Silence. No eye contact, no heavy breathing, just silence. The idea that my brother is protecting a murderer over his innocent sister astounds me, and I am finished talking to him.
“Guards, we’re done here,” I say. I watch Jake stand there for a moment. He knows his motives are flawed.
What am I supposed to do now? Talking to Jake today was my only shot at getting an idea on how to clear my name. With no connection to the outside world, how am I supposed to do this? How could I possibly convince my brother, who probably will not come visit again, to tell me who the real killer is, nonetheless be able to prove it, put him on trial, and wait for the judge to sign off on me? It seems so impossible.

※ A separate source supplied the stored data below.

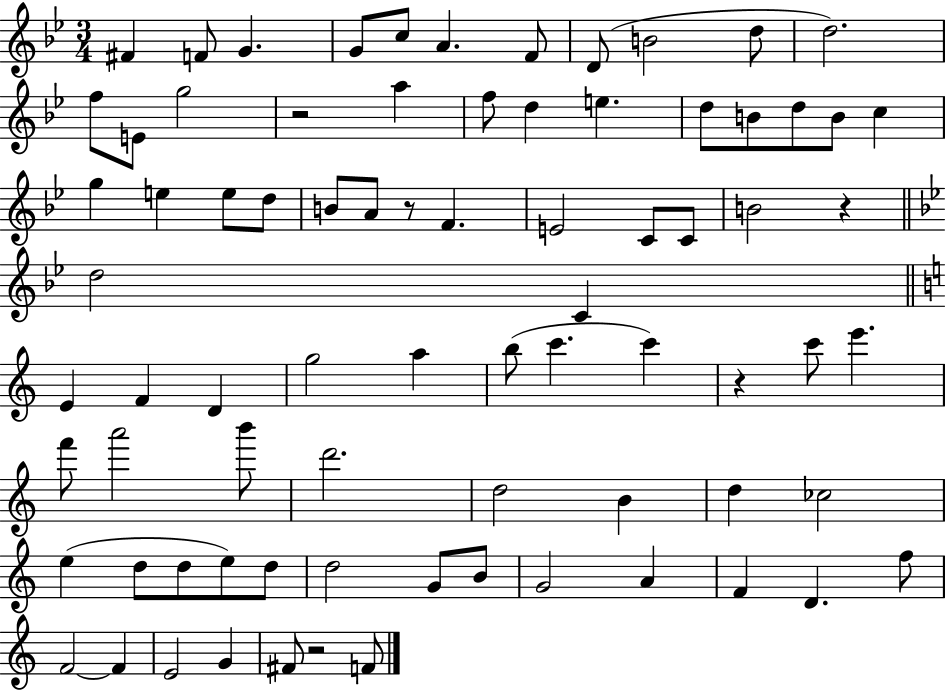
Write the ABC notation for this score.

X:1
T:Untitled
M:3/4
L:1/4
K:Bb
^F F/2 G G/2 c/2 A F/2 D/2 B2 d/2 d2 f/2 E/2 g2 z2 a f/2 d e d/2 B/2 d/2 B/2 c g e e/2 d/2 B/2 A/2 z/2 F E2 C/2 C/2 B2 z d2 C E F D g2 a b/2 c' c' z c'/2 e' f'/2 a'2 b'/2 d'2 d2 B d _c2 e d/2 d/2 e/2 d/2 d2 G/2 B/2 G2 A F D f/2 F2 F E2 G ^F/2 z2 F/2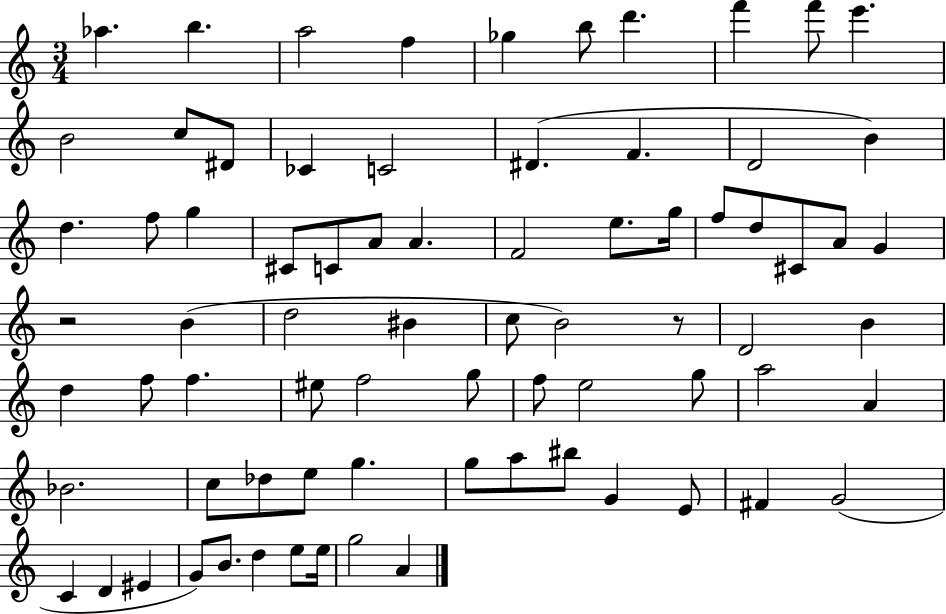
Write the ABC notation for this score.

X:1
T:Untitled
M:3/4
L:1/4
K:C
_a b a2 f _g b/2 d' f' f'/2 e' B2 c/2 ^D/2 _C C2 ^D F D2 B d f/2 g ^C/2 C/2 A/2 A F2 e/2 g/4 f/2 d/2 ^C/2 A/2 G z2 B d2 ^B c/2 B2 z/2 D2 B d f/2 f ^e/2 f2 g/2 f/2 e2 g/2 a2 A _B2 c/2 _d/2 e/2 g g/2 a/2 ^b/2 G E/2 ^F G2 C D ^E G/2 B/2 d e/2 e/4 g2 A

Long, excruciating hours are passed in my cell. I cannot believe my brother. Intentionally protecting some friend while his innocent little sister rots in prison for a murder she did not commit. Impatience and stress overwhelm me as I begin contemplating a plan. No connection to the outside world, a brother who is pissed at me, an important friend pissed at him, no contact with my parents, and a prison filled with dangerous criminals. All I can do is wait and hope that someone will come to visit me soon to give me more information.
I sprint to the telephone room just after being called. I cannot wait to hear the news someone has to tell me. Upon arrival, I see my brother and Rob fighting. Jake, my brother, must not have anticipated me getting here so fast. This is exactly what I see:
“Jake, man, come on! You know why we can’t do that! She’s a threat!”

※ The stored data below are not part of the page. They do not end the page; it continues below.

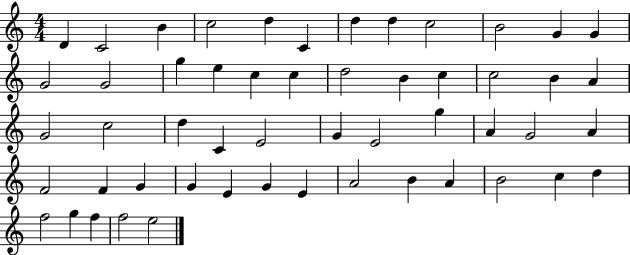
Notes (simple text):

D4/q C4/h B4/q C5/h D5/q C4/q D5/q D5/q C5/h B4/h G4/q G4/q G4/h G4/h G5/q E5/q C5/q C5/q D5/h B4/q C5/q C5/h B4/q A4/q G4/h C5/h D5/q C4/q E4/h G4/q E4/h G5/q A4/q G4/h A4/q F4/h F4/q G4/q G4/q E4/q G4/q E4/q A4/h B4/q A4/q B4/h C5/q D5/q F5/h G5/q F5/q F5/h E5/h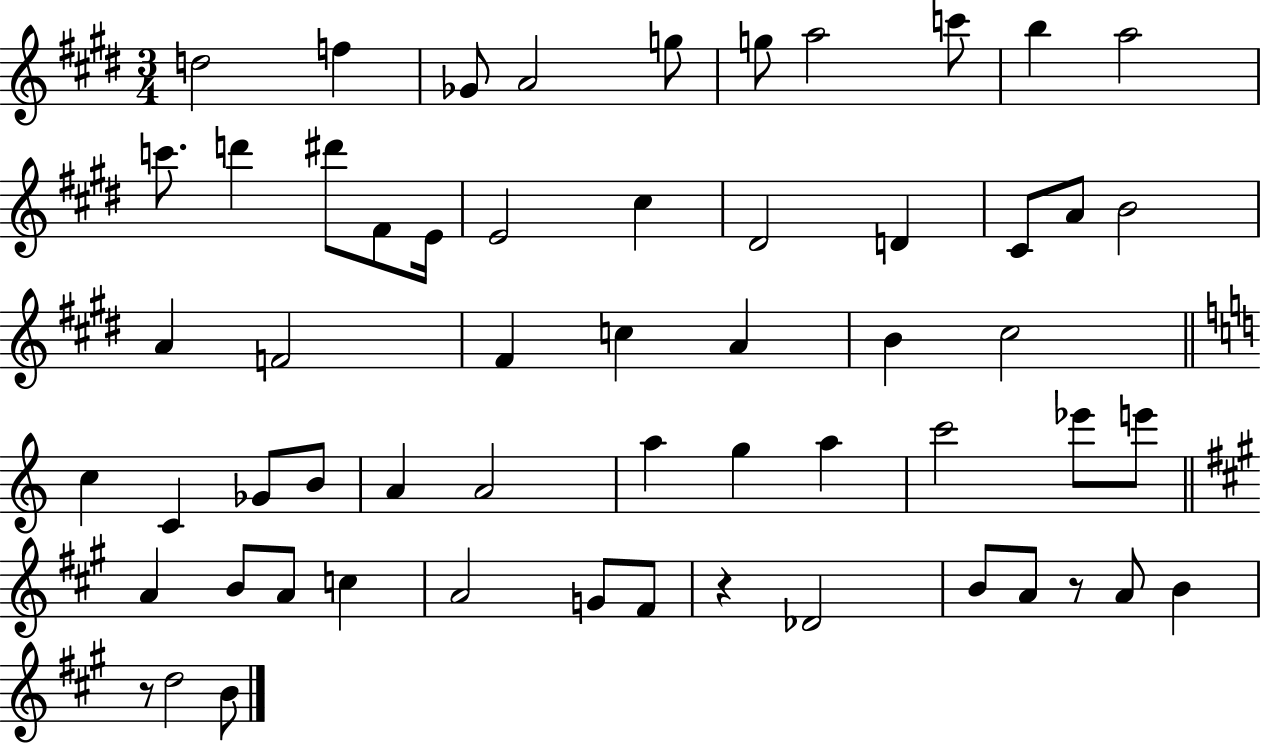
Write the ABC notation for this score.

X:1
T:Untitled
M:3/4
L:1/4
K:E
d2 f _G/2 A2 g/2 g/2 a2 c'/2 b a2 c'/2 d' ^d'/2 ^F/2 E/4 E2 ^c ^D2 D ^C/2 A/2 B2 A F2 ^F c A B ^c2 c C _G/2 B/2 A A2 a g a c'2 _e'/2 e'/2 A B/2 A/2 c A2 G/2 ^F/2 z _D2 B/2 A/2 z/2 A/2 B z/2 d2 B/2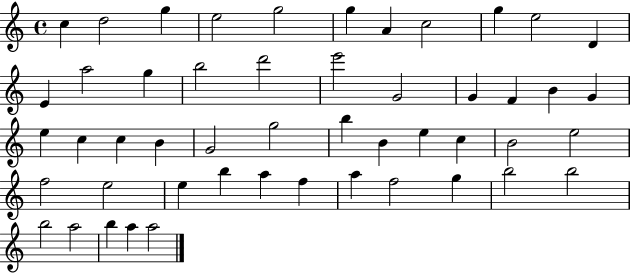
C5/q D5/h G5/q E5/h G5/h G5/q A4/q C5/h G5/q E5/h D4/q E4/q A5/h G5/q B5/h D6/h E6/h G4/h G4/q F4/q B4/q G4/q E5/q C5/q C5/q B4/q G4/h G5/h B5/q B4/q E5/q C5/q B4/h E5/h F5/h E5/h E5/q B5/q A5/q F5/q A5/q F5/h G5/q B5/h B5/h B5/h A5/h B5/q A5/q A5/h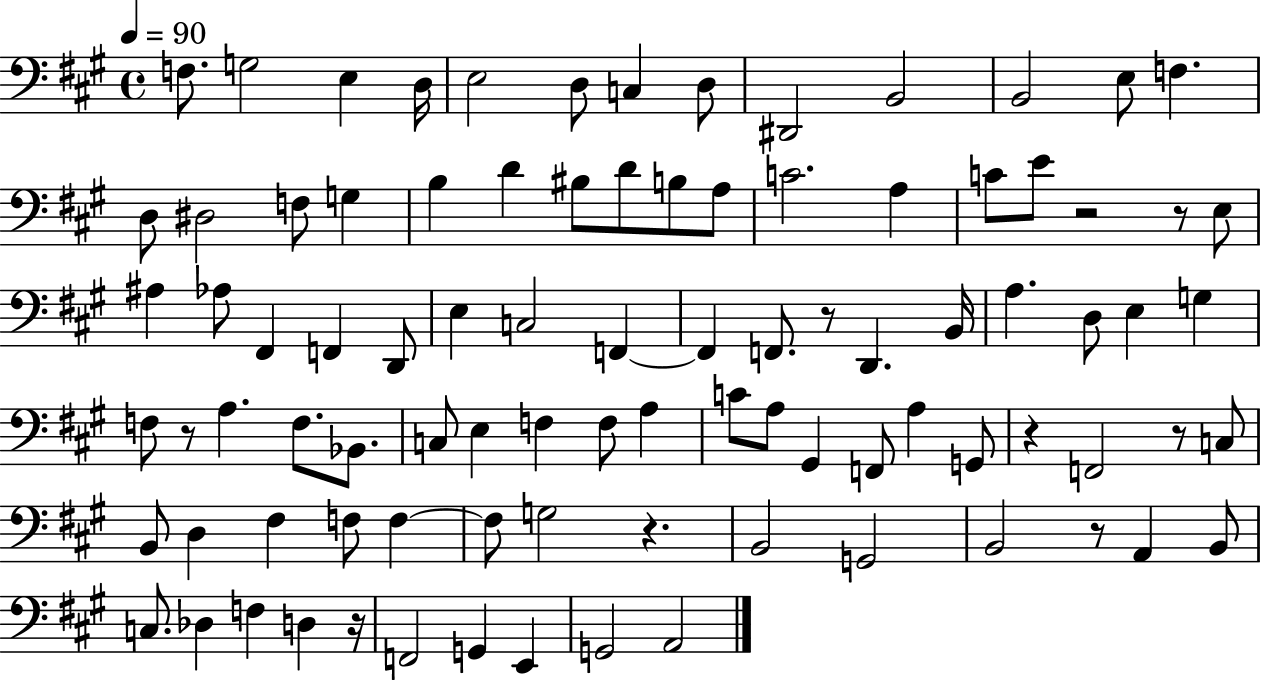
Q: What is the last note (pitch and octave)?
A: A2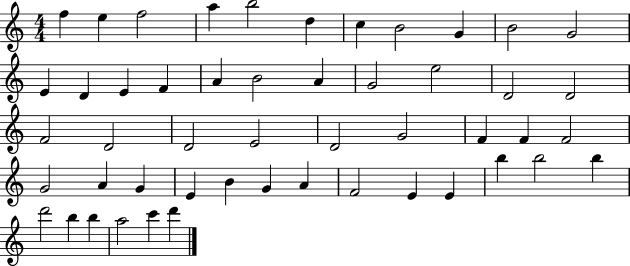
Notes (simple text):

F5/q E5/q F5/h A5/q B5/h D5/q C5/q B4/h G4/q B4/h G4/h E4/q D4/q E4/q F4/q A4/q B4/h A4/q G4/h E5/h D4/h D4/h F4/h D4/h D4/h E4/h D4/h G4/h F4/q F4/q F4/h G4/h A4/q G4/q E4/q B4/q G4/q A4/q F4/h E4/q E4/q B5/q B5/h B5/q D6/h B5/q B5/q A5/h C6/q D6/q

“She’s my sister, and if you’re too self-centered to understand that then it’s your problem, Rob.”
“Man, you know I would do anything to protect her, as she would have for me, but its too late now. She’s in for it and there’s nothing we can do.”
“The law will eventually demand an answer, Rob. You know we can’t just shut up about this. The truth will come out.”
“So then it’s our job to make sure it doesn’t.”
“Screw you, man. You know we gotta spill it. If we don’t it will eat at us both until we’re in worse shape than Candice is. Rob, come on!”
“No! Maybe we can find a way to clear her name, but we can’t tell them who it really was.”
“Rob, you selfish son-of-a…” At this point my brother sighs. Realizing he cannot win, he begins to walk away. “I have to tell her. It’s her right to know.”
“You do and I’ll go to my grave swearing it was her, pulling out everything I got to ensure you never win. Even with the best lawyer in the world you know she doesn’t stand a chance without her memory.”
“Yeah, I know. I still have to try. She’s worth it,” says Jake nodding, reassuring himself that it is worth it, that I am worth it.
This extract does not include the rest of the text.